Start of Dataset extract

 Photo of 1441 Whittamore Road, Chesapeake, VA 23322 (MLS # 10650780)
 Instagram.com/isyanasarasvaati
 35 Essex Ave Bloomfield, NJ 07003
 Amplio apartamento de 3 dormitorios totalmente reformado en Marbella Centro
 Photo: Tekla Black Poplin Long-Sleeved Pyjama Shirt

End of Dataset extract
Start of Dataset extract

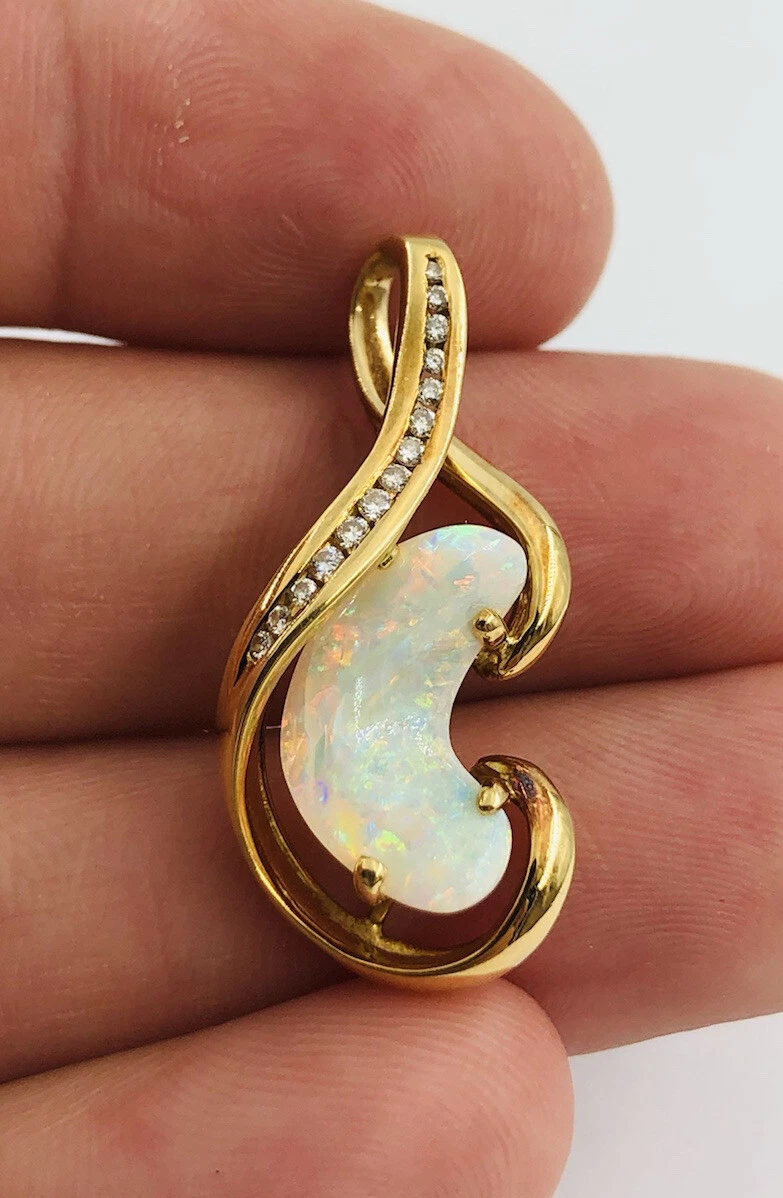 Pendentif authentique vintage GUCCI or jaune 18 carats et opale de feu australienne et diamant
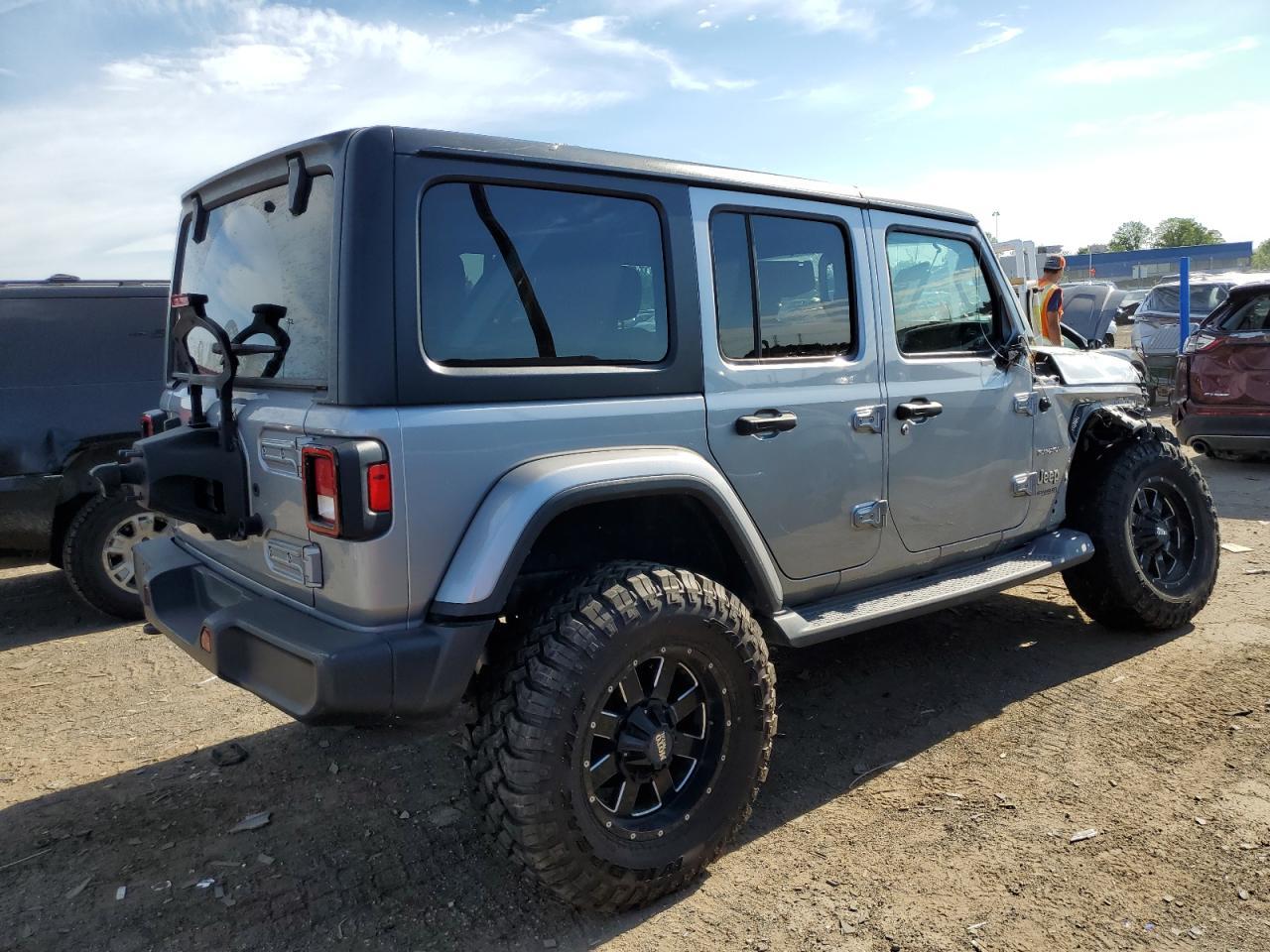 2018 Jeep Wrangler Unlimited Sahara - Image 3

End of Dataset extract
Start of Dataset extract

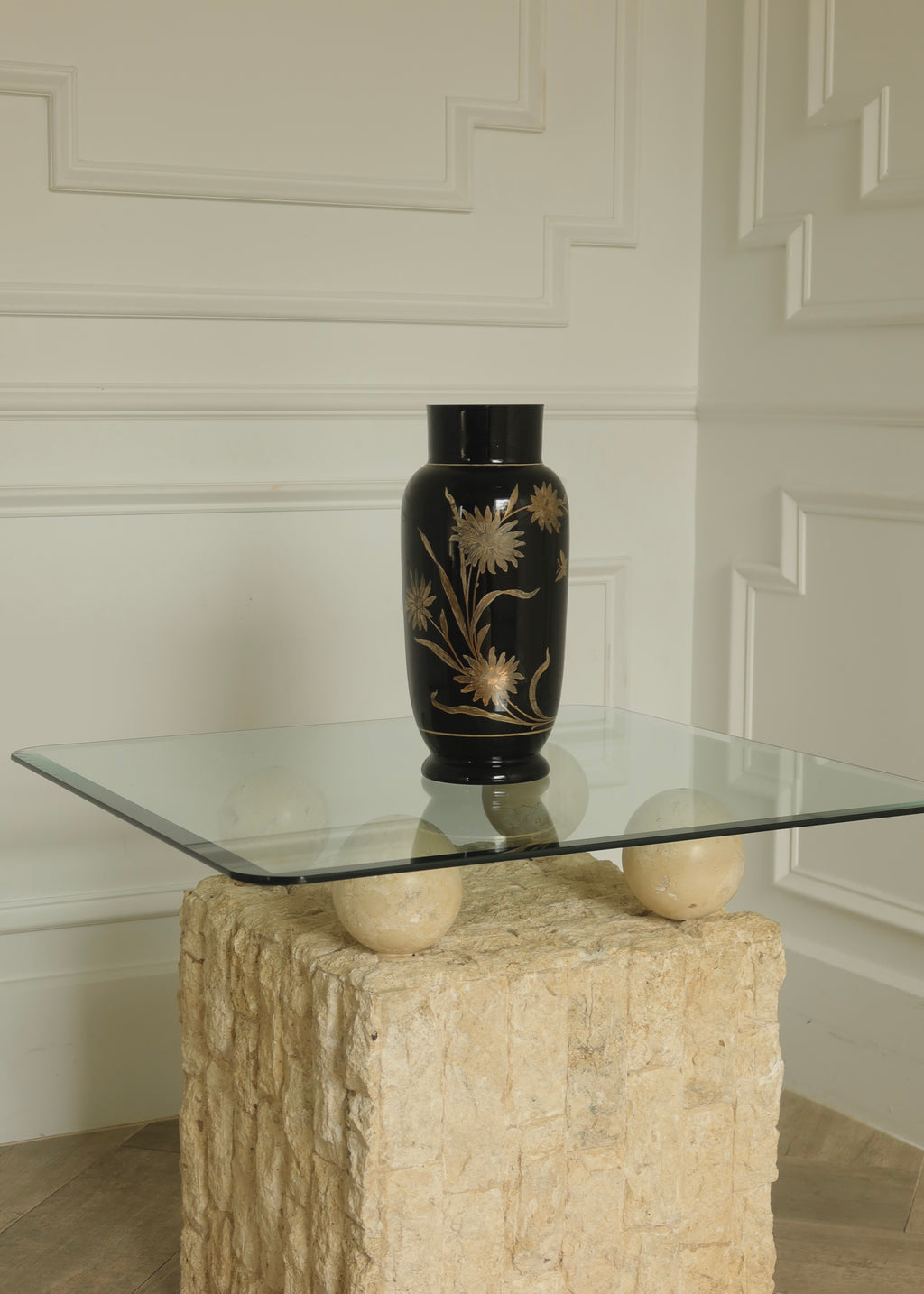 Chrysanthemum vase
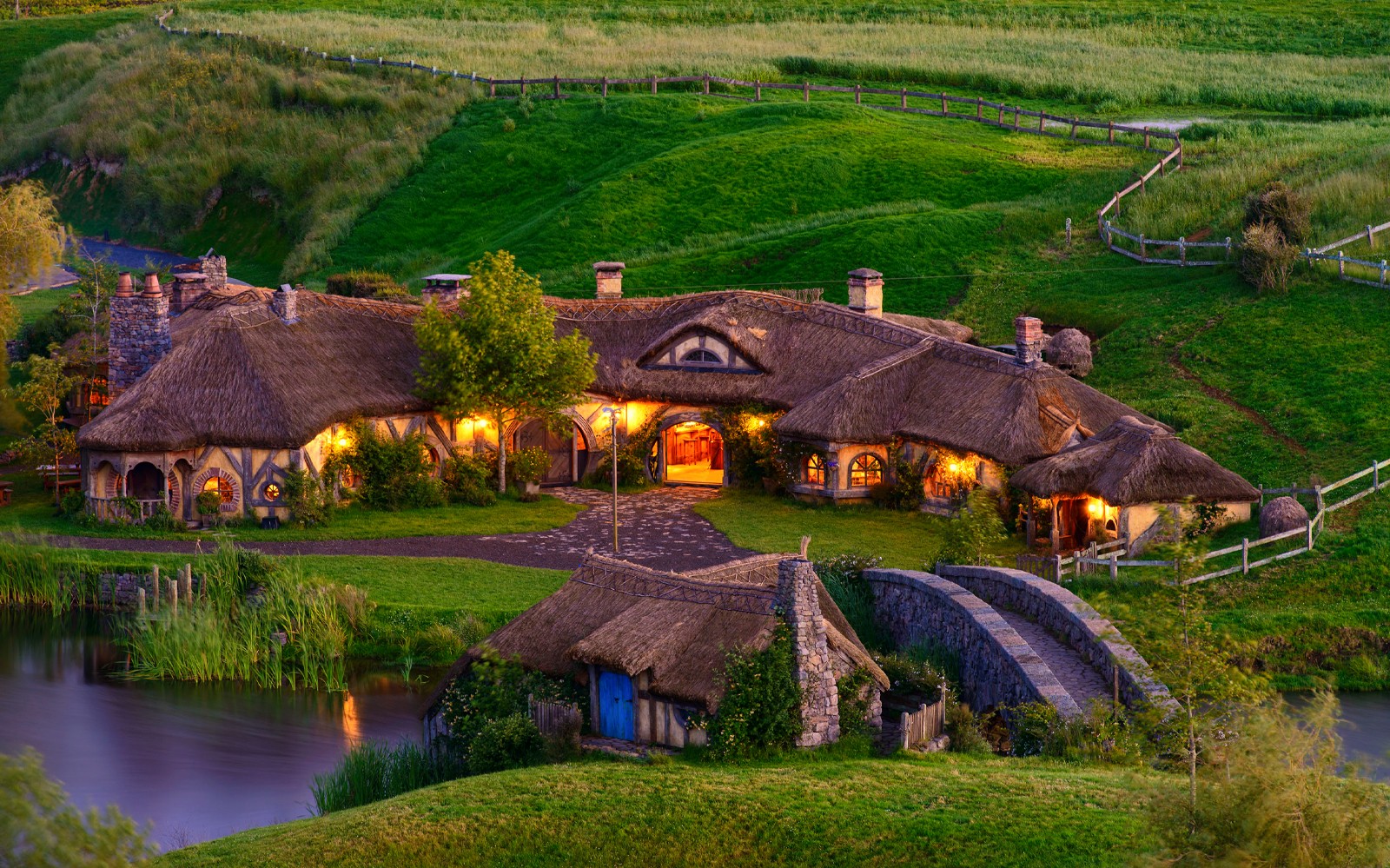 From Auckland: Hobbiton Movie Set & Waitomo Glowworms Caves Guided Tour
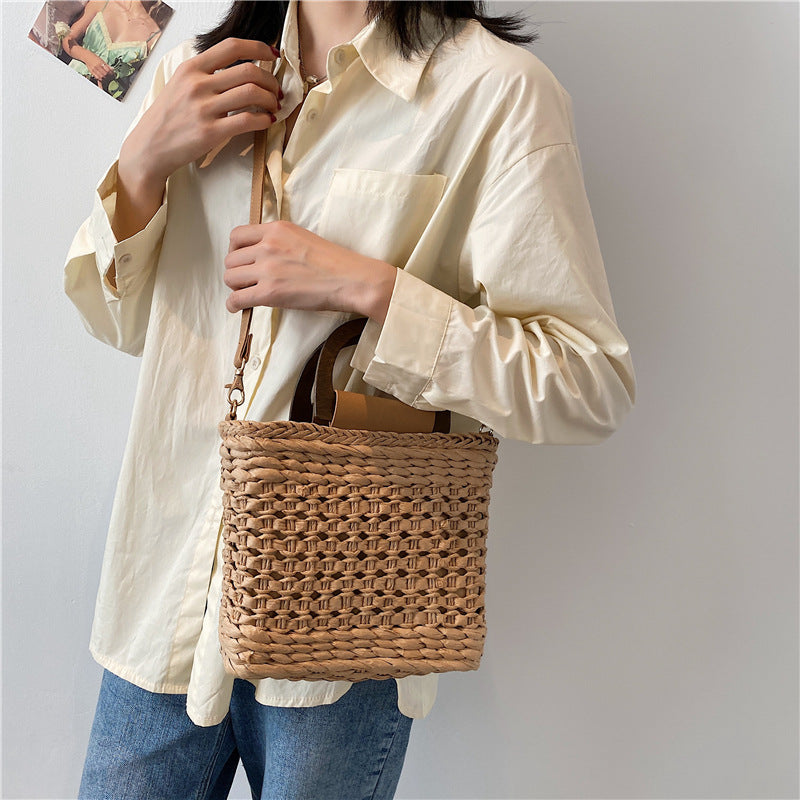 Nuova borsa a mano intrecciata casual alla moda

End of Dataset extract

» **Work item**: Those lines of the records that contain the string "Photo" should be identified and copied.

» **The completed task**:
 Photo of 1441 Whittamore Road, Chesapeake, VA 23322 (MLS # 10650780)
 Photo: Tekla Black Poplin Long-Sleeved Pyjama Shirt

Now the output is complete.